PEC de Temer viola os direitos humanos, afirma relator da ONU
A Organização das Nações Unidas considera que a PEC (Proposta de Emenda à Constituição) 55, enviada pelo governo de Michel Temer ao Congresso Nacional que propõe congelar por 20 anos os investimentos públicos, é uma violação aos direitos humanos.
Publicado 09/12/2016 12:05
De acordo com o relator especial da ONU para extrema pobreza e direitos humanos, Philip Alson, a proposta do governo Temer é inteiramente incompatível com as obrigações de direitos humanos do Brasil.
“Se adotada, essa emenda bloqueará gastos em níveis inadequados e rapidamente decrescentes na saúde, educação e segurança social, portanto, colocando toda uma geração futura em risco de receber uma proteção social muito abaixo dos níveis atuais”, afirma Alson, reforçando que os prejudicados com a medida serão os mais pobres.
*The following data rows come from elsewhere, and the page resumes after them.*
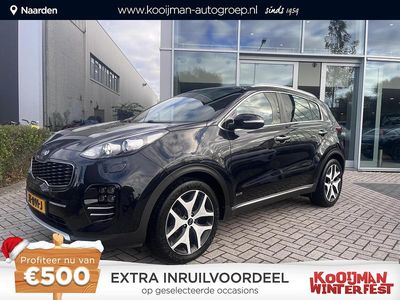 Zwart Gebruikt 2016 Kia Sportage GT-Line SUV | € 18.945 (Eerlijke prijs)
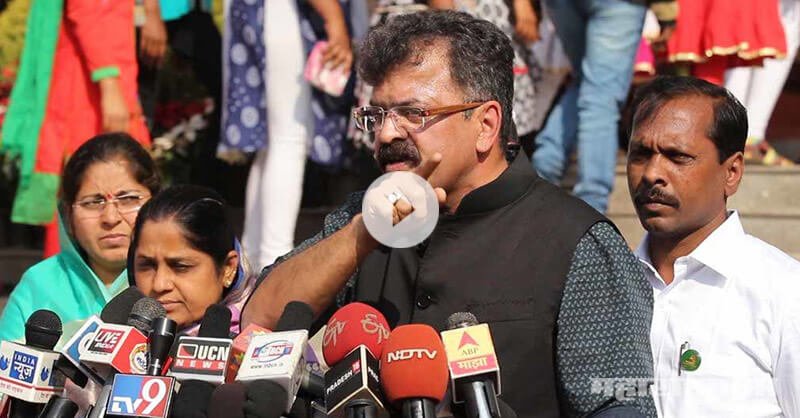 Sharad Pawar support Raj Thackery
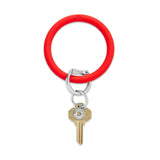 Silicone Big O® Key Ring - Cherry On Top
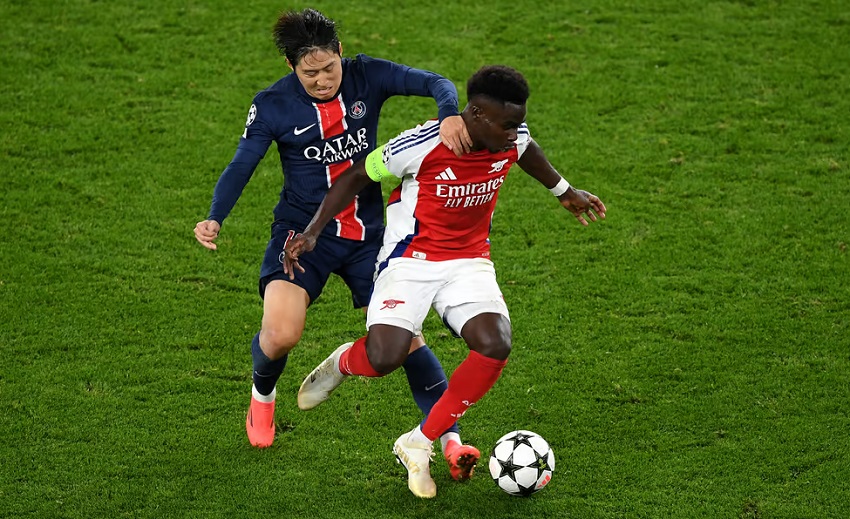 Nhan dinh tran dau Arsenal vs PSG toi nay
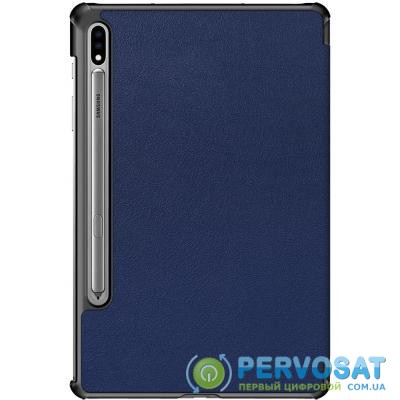 Чехол для планшета BeCover Smart Case Samsung Galaxy Tab S7 Deep Blue (705221)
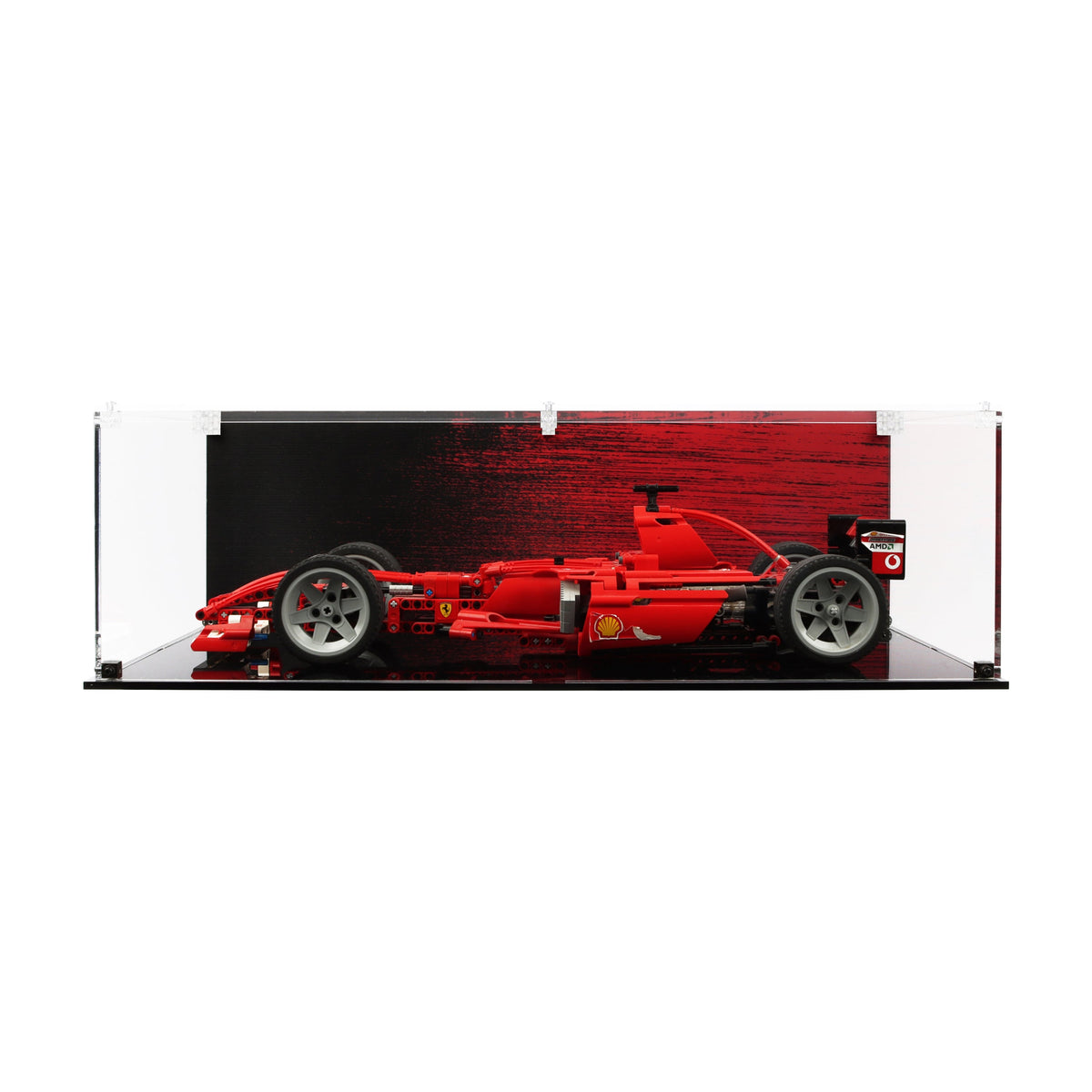 LEGO 8157 Ferrari F1 - Display Case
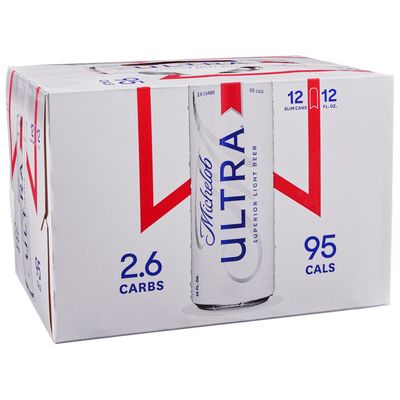 Michelob Ultra 12pk 12oz Cans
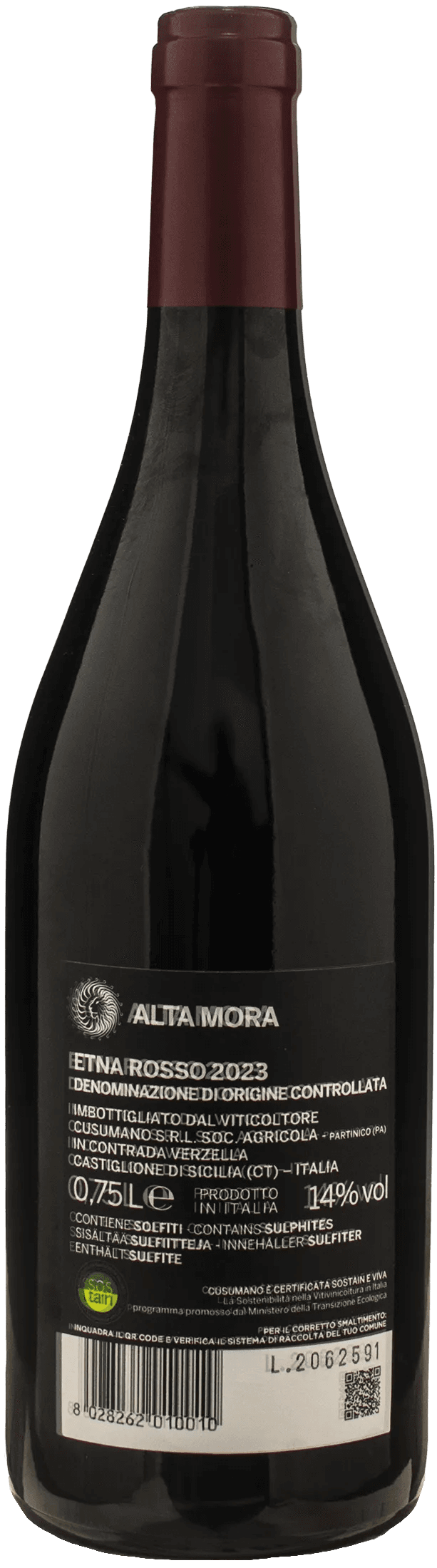 Alta Mora Etna Rosso 2023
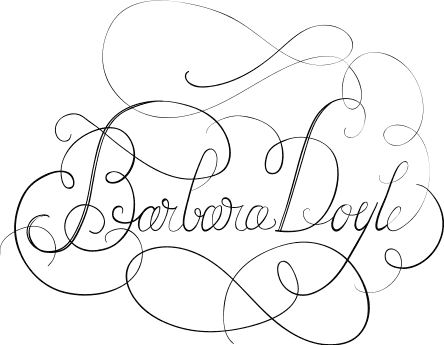 Barbara Doyle logo design
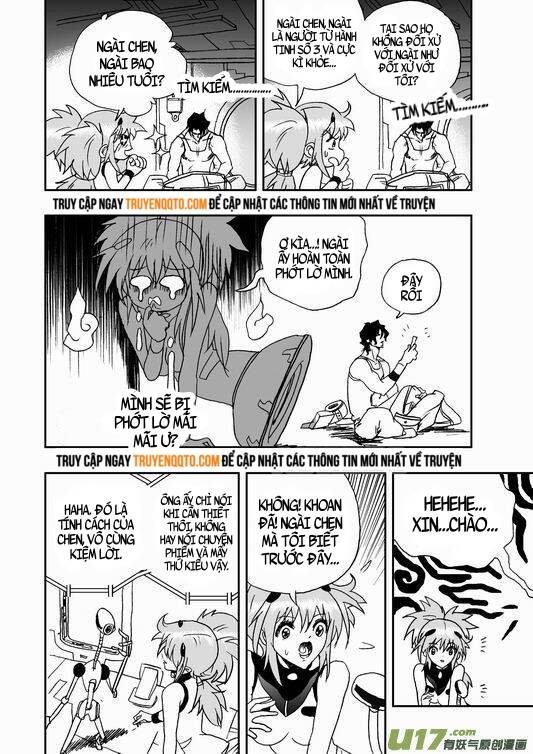 I The Female Robot Chap 35 - Next Chap 36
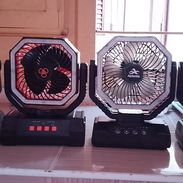 Ventilador recargable f6 y X11, ventilador recargable de 20000mAh - Img 56047824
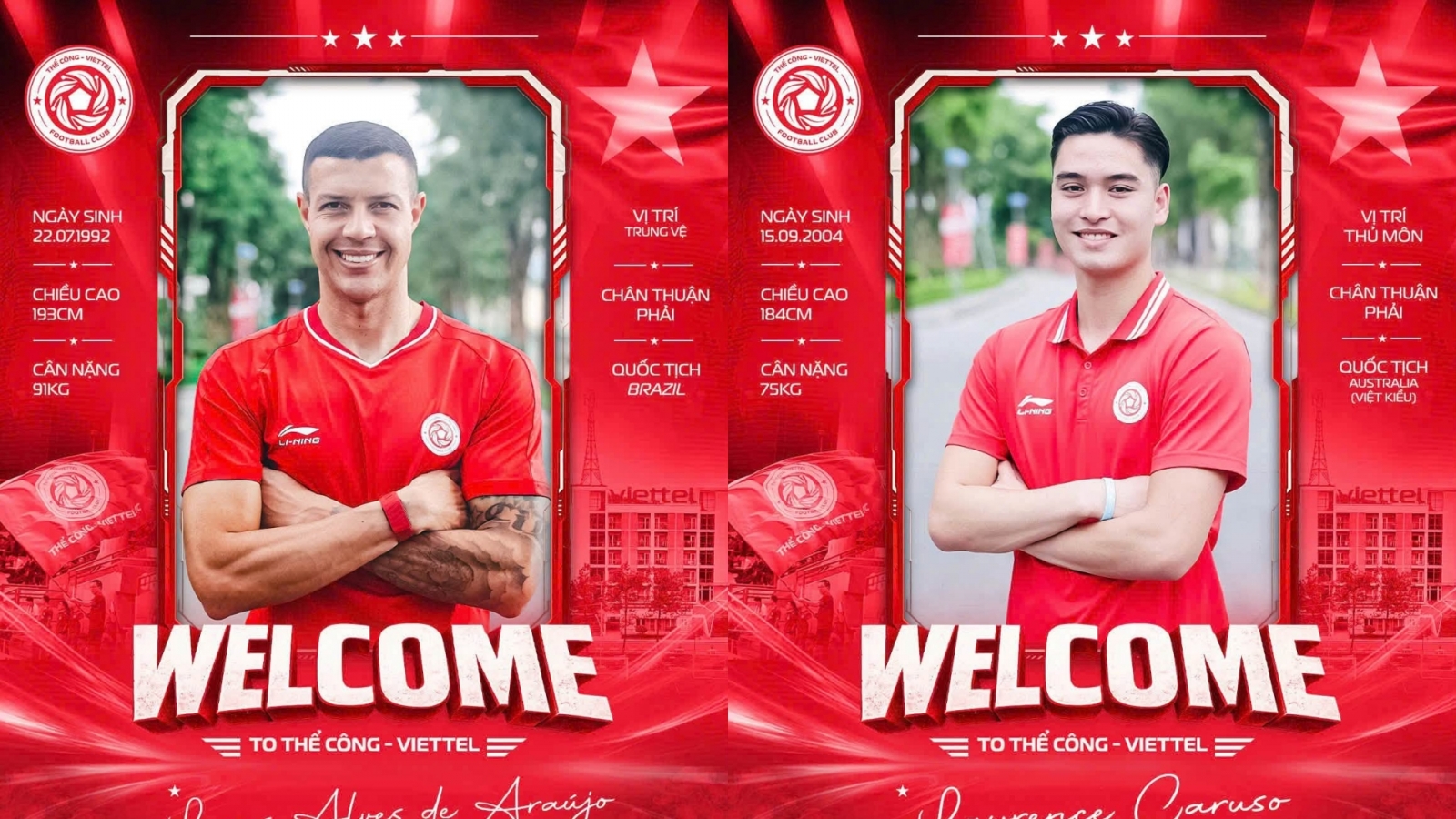 Thể Công Viettel chiêu mộ "hòn đá tảng" V-League và thủ môn Việt kiều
A PEC 55 está em tramitação no Senado e já foi aprovada em primeiro turno pelo plenário e deverá ser votada em segundo turno no dia 13 de dezembro, de acordo com a programação do presidente Renan Calheiros (PMDB-AL).
O relator da ONU recomendou ao governo brasileiro que garanta um debate público apropriado sobre a PEC 55, por se tratar de medida que tem impacto aos mais pobres. Segundo ele, “é completamente inapropriado congelar somente o gasto social e atar as mãos de todos os próximos governos por outras duas décadas”.
E completa: “Se essa emenda for adotada, colocará o Brasil em uma categoria única em matéria de retrocesso social”.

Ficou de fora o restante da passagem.